Posts Tagged ‘Variance’

I’m a big fan of On/Off data, which compares a team’s point differential with a player on the court versus when he’s off the court. I’ve referenced it frequently in the past and think it’s one of the more telling reflections of a player’s value to his team in the advanced stat family.

The nice part about On/Off is that it represents what actually happened. The problem with On/Off is it ignores the reasons why it happened. And sometimes, it creates a fuzzy picture because of it.

For example, let’s suppose Kobe Bryant plays the first 40 minutes of the a game and injures his ankle with the score tied at 80. LA wins the game 98-90. The Lakers were dead even when he was in the game, and +8 with him out of the game – Bryant’s on/off would be -8.

In this case, sample size is an issue. But that becomes less of a problem over the course of an entire season. The real concern is the normal variance involved in everyone else’s game. Practically speaking, it takes little outside the norm for Kobe to have played 40 brilliant minutes while his teammates missed a few open shots, and for the opponent to miss a few open shots down the stretch while Kobe’s teammates start hitting them.

The tendency is to look at a result like that and conclude that Kobe hurt his teammates’ shooting and when he left the game it helped their shooting. He very well may have by not creating good looks for them.

Then again, players hit unguarded 3-pointers about 38% of the time. Which means if the average shooter attempts five open 3-pointers, he will miss all five about 10% of the time, simply based on the probabilistic nature of shooting. A fact that has little to do with Kobe or any of the other players on the court.

In our hypothetical situation, all it takes is an 0-5 stretch from the opponent and a 3-5 stretch from LA to produce Kobe’s ugly -8 differential. The great college basketball statistician Ken Pomeroy ran some illuminating experiments on the natural variance in such numbers. His treatise is worth the read, but the gist of it is that his average player — by definition — produced a -57 on/off after 28 games (-5.7 per game) due to standard variance in a basketball game outside of that player’s control.

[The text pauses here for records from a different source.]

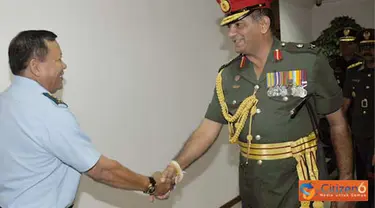 Citizen6, Jakarta: Kasum TNI Marsdya TNI Edy Harjoko, menerima kunjungan Kepala Staf Angkatan Darat (Kasad) Sri Lanka, Lieutenant General (Ltg) Jagath Jayasuriya di Mabes TNI Cilangkap, Jakarta, Kamis (31/3). (Pengirim: Badarudin)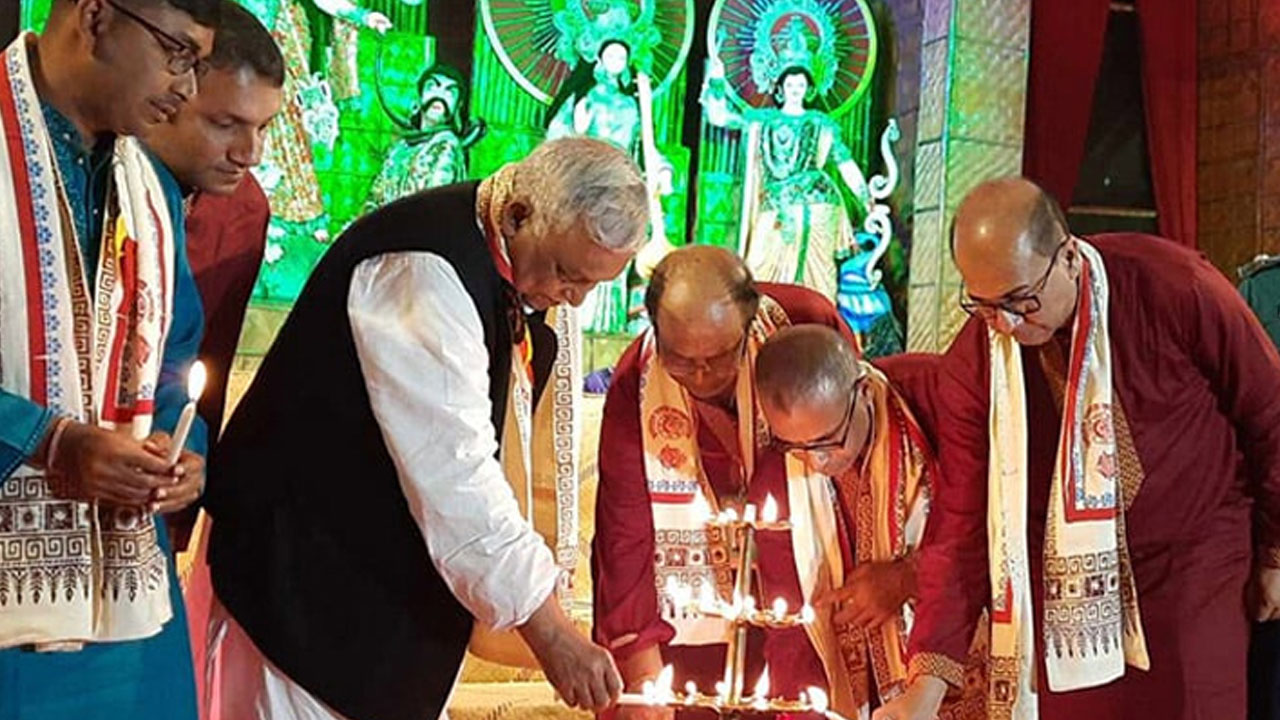 খামারবাড়িতে শারদীয় দুর্গোৎসব উদ্বোধনী অনুষ্ঠানে স্বরাষ্ট্রমন্ত্রী আসাদুজ্জামান খাঁন কামাল।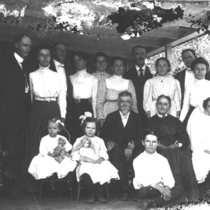 S.R. Wheeler family reunion photographs 1907-1909: Photo 2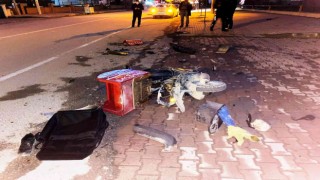 Otomobil ile motosikletli kurye çarpıştı, kaza kameraya yansıdı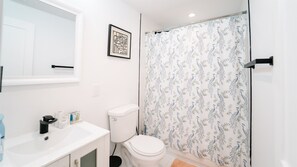 Douche, sèche-cheveux, serviettes fournies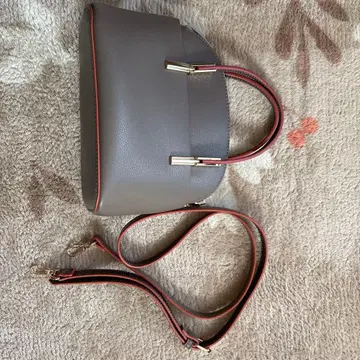 그레이 핸드백 스타일 숄더백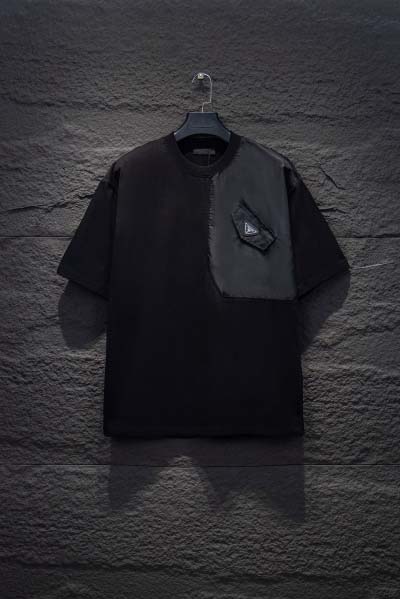 プラダの半袖Tシャツ2025年2月13日発売 HS工場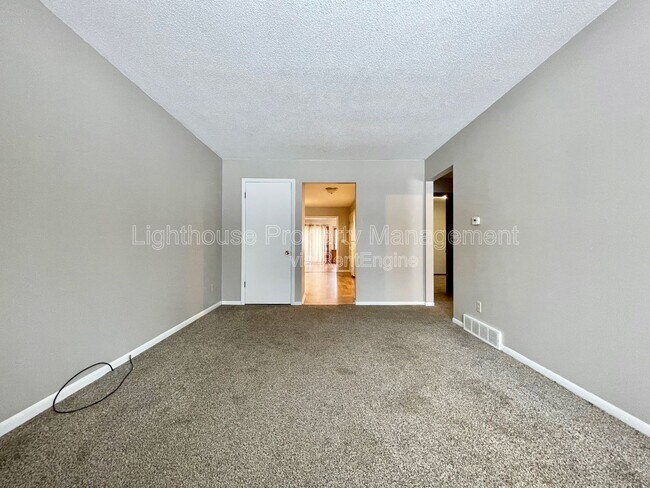 Foto del edificio - 1054 Royal Oak St SW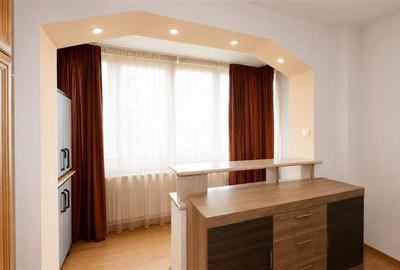 Apartament cu 2 camere semidecomandat, mobilat în Tractorul - 11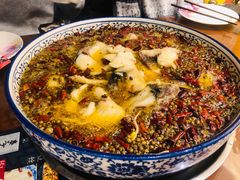 府外飘香沸腾鱼-娄三少·老北京春饼烤鸭家常菜(方庄店)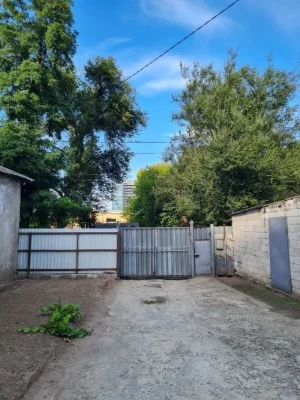 Продам 3 ком.в Центре с автономкой и гаражом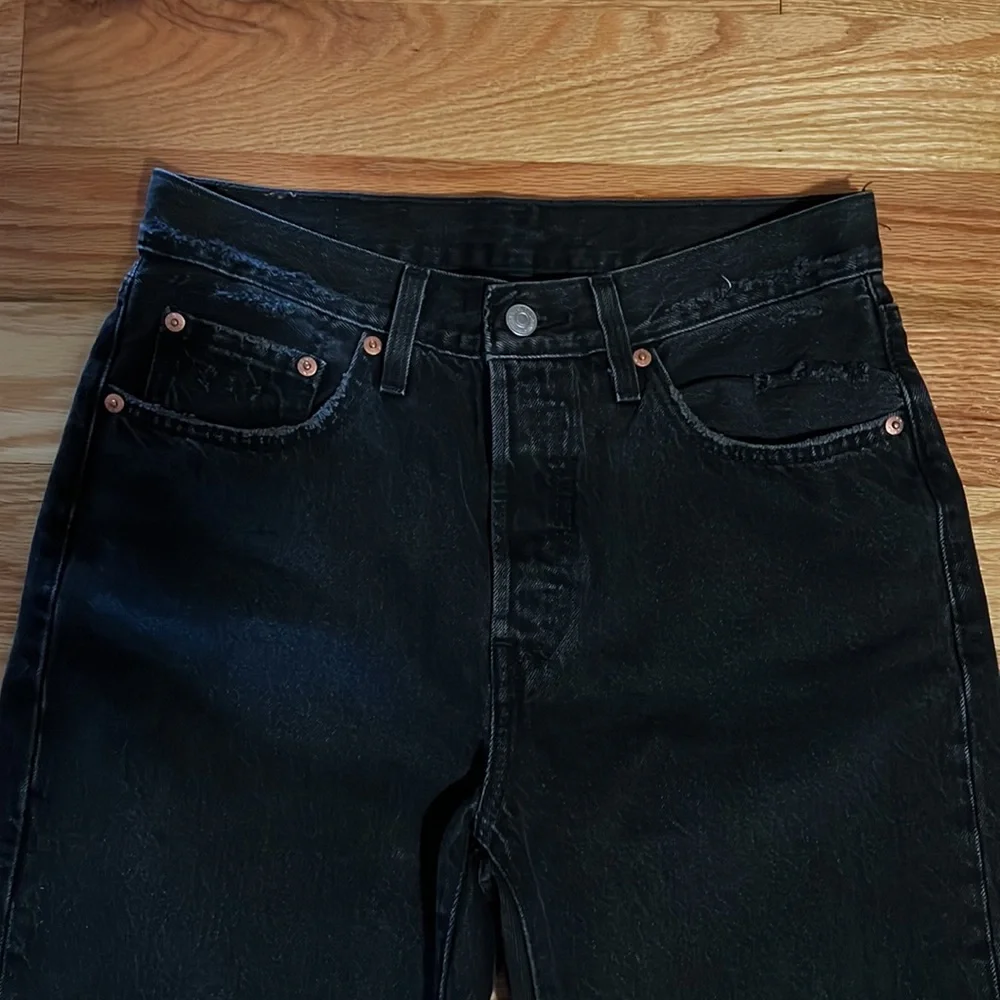 Levi 501 Jean - Picture 6 of 16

Think about that.

For fun, I just ran the same simulation and my average player posted a +5.6 rating of his college season:

Average Player Simulation

So in two simulations, the average player’s On/Off ranged from -5.7 to +5.6. One guy looks like an All-Star, the other like an NBDL player.

“The Team Fell Apart When Player X Was Injured”

This is a common argument for MVP candidates: Look at how the team fared when he missed a few games and conclude the difference is the actual value a player provides to his team. Only this line of thinking runs into the same problems we saw above with on/off data.

Let’s take Dirk Nowitzki and this year’s Dallas Mavericks. In 62 games with Dirk, Dallas has a +4.9 differential (7.8 standard deviation). In nine games without Dirk, a -5.9 differential (7.5 standard deviation).

Which means, with a basic calculation, we can say with 95% confidence that without Nowitzki, Dallas is somewhere between a -1.0 and -10.8 differential team. Not exactly definitive, but in all likelihood they are much worse without Dirk. OK…but we can’t definitively say how much worse they are.

In a small sample, we just can’t be extremely conclusive. In this case, nine games doesn’t tell us a whole lot. New Orleans started the season 8-0…they aren’t an 82-win team.

We can perform the same thought-experiment with Dirk’s nine games that we did with Kobe’s eight minutes to display how unstable these results are. Let’s say Dallas makes three more open 3’s against Cleveland and the Cavs miss three open 3’s. What would happen to the differential numbers?

  1. That alone would lower the point differential two points per game.
  2. Our 95% confidence interval now becomes -12.1 points to +4.4 points.

That’s from adjusting just six open shots in a nine game sample.

Jason Terry — a player who benefits from playing with Dirk Nowitzki historically — had games of 3-16, 3-15 and 3-14 shooting without Dirk. He shot 39% from the floor in the nine games. By all possible accounts, Terry is better than a 39% shooter without Nowitzki. He shot 26% from 3 in those games. Let’s use his Atlanta averages instead, from when he was younger and probably not as skilled as a shooter: How would that change the way Dallas looks sans-Dirk?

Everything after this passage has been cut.